To create the best “effort-to-reward ratio” in terms of security, the project structure was created using a TDD-like approach. It began with many unit tests ported from a Python reference implementation, then expanded with fuzz tests, and finally included invariant tests.
As I often advocate, I believe this order maximizes the likelihood of finding real and meaningful bugs in a fast development cycle. If projects have time and money, they should also invest in formal verification as a next step. In some cases, however, this order should be adjusted.
This post explores why running Halmos by default can not only save time but sometimes provide better guarantees of the code’s behavior than fuzzing.
Thinking Properties
I often refer to this great material from Certora, which shares a categorization of system properties that protocols can use when expanding on their list of invariants, even when writing fuzz tests.
After some time, this exercise becomes a second language for developers, who start improving their stateless fuzz tests to not only check for expected/actual values but also the maintenance of important invariants. With enough time, the fuzzer doesn't catch any bugs, and your confidence in the accuracy of the implementation is meant to deem it good enough.

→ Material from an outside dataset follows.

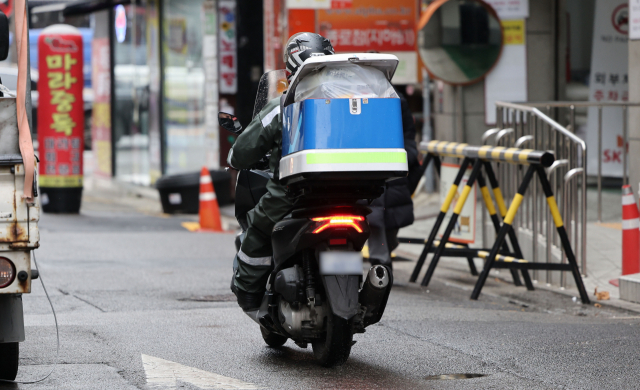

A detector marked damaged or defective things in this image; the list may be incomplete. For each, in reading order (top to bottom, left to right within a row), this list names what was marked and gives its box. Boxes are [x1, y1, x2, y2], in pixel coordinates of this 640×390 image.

rusty vehicle [0, 8, 41, 380]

One function that did not fare quite well in this approach was a binary search method for interpolating interest rates on a yield curve:
| // SPDX-License-Identifier: MIT | |
| pragma solidity ^0.8.13; | |
| interface IMath { | |
| /// @notice Find the index of `value` in the sorted list `array` | |
| /// @dev If `value` is below the lowest value in `array` or above the highest | |
| /// value in `array`, the function returns | |
| /// (type(uint256).max, type(uint256).max) | |
| /// @param array The sorted list to search | |
| /// @param value The value to search for | |
| /// @return low The index of the largest element in `array` that is less than | |
| /// or equal to `value` | |
| /// @return high The index of the smallest element in `array` that is greater than | |
| /// or equal to `value` | |
| function binarySearch(uint256[] memory array, uint256 value) external | |
| pure returns (uint256 low, uint256 high); | |
| } |
Like most software developers, one’s ability to flawlessly implement basic algorithms and data structures fades away when they stop going through beginner job interview processes. What is more, this binary search is a non-straightforward implementation, as it returns two indexes instead of one, and it is in a critical path of the protocol since you can't find a rate on a yield curve without linear interpolation. Simple fuzz tests were not making my anxiety go away, no matter how many audit firms would manually review this implementation.

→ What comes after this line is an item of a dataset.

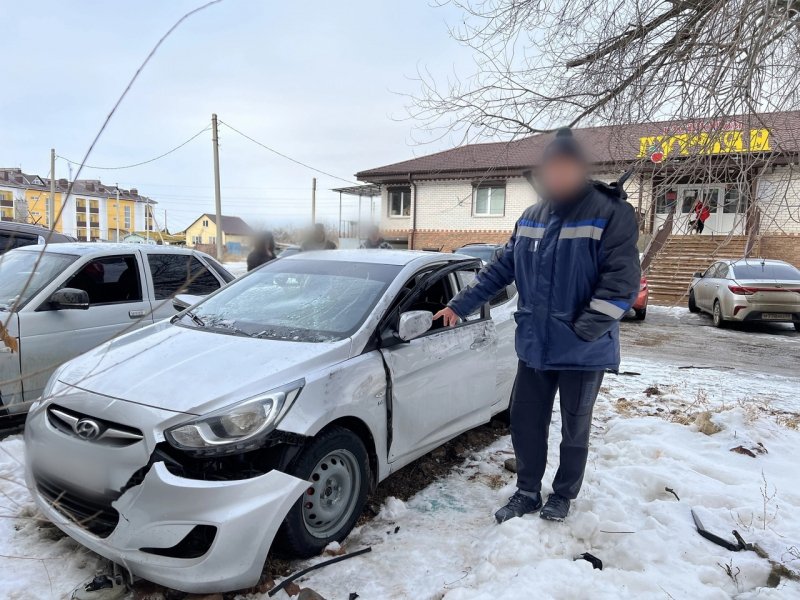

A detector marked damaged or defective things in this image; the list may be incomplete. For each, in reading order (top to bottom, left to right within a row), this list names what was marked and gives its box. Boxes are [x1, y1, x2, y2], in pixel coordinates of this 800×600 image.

After some time tinkering again and again expanding the test coverage for this particular function, something came to mind. What if I used Halmos instead? After all, the fuzz tests were already done, the properties were already created, and with minimal effort, I could convert them to property-based tests and run Halmos. To my surprise, it passed without errors in a few seconds.

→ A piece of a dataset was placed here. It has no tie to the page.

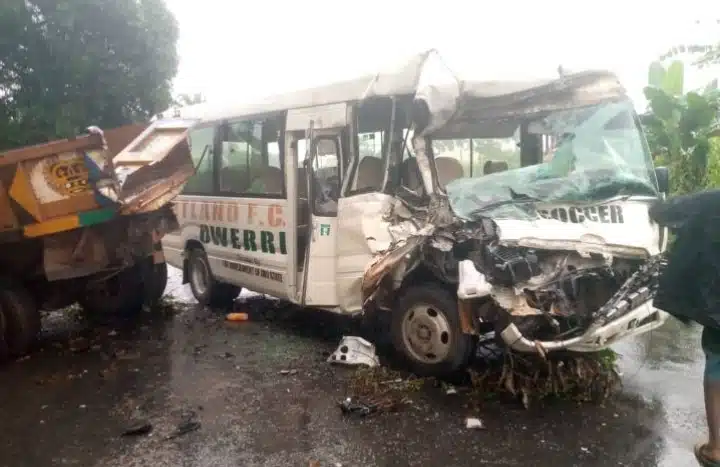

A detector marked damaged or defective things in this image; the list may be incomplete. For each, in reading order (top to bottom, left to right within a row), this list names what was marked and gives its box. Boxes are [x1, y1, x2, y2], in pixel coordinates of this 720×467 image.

| contract MathTest is Test { | |
| function check_Math_binarySearch(uint256[] memory array, uint256 value) public { | |
| // array is strictly increasing | |
| for (uint256 i = 0; i < array.length - 1; i++) { | |
| vm.assume(array[i] < array[i + 1]); | |
| } | |
| (uint256 low, uint256 high) = Math.binarySearch(array, value); | |
| if (value < array[0] || value > array[array.length - 1]) { | |
| // not found | |
| assertEq(low, type(uint256).max, "not found"); | |
| assertEq(high, type(uint256).max, "not found"); | |
| } else { | |
| assertGe(low, 0, "low is within bounds"); | |
| assertLe(low, array.length - 1, "low is within bounds"); | |
| assertGe(high, 0, "high is within bounds"); | |
| assertLe(high, array.length - 1, "high is within bounds"); | |
| assertLe(low, high, "low <= high"); | |
| assertLe(array[low], value, "array[low] <= value <= array[high]"); | |
| assertLe(value, array[high], "array[low] <= value <= array[high]"); | |
| if (value == array[low]) { | |
| assertEq(low, high, "low == high if the value is in the array"); | |
| } | |
| } | |
| } | |
| } |
This anecdote underscores how security researchers can shift their mentality of using formal verification as a last step and instead adapt case by case. This post advocates for using Halmos by default in some situations until you find a real blocker and need to resort to faster yet less definite tools.
In particular, libraries can benefit the most, since they are often simpler, resulting in fewer paths for the tool to explore. Additionally, after some recent improvements made by the maintainers, it should be running much faster than before, addressing a common concern with symbolic execution and its potential to run indefinitely.
Conclusion
Incorporating Halmos into your default testing routine, especially for libraries, can lead to significant improvements in efficiency and confidence. By leveraging the strengths of symbolic execution alongside traditional fuzzing, security researchers can achieve a more robust verification process.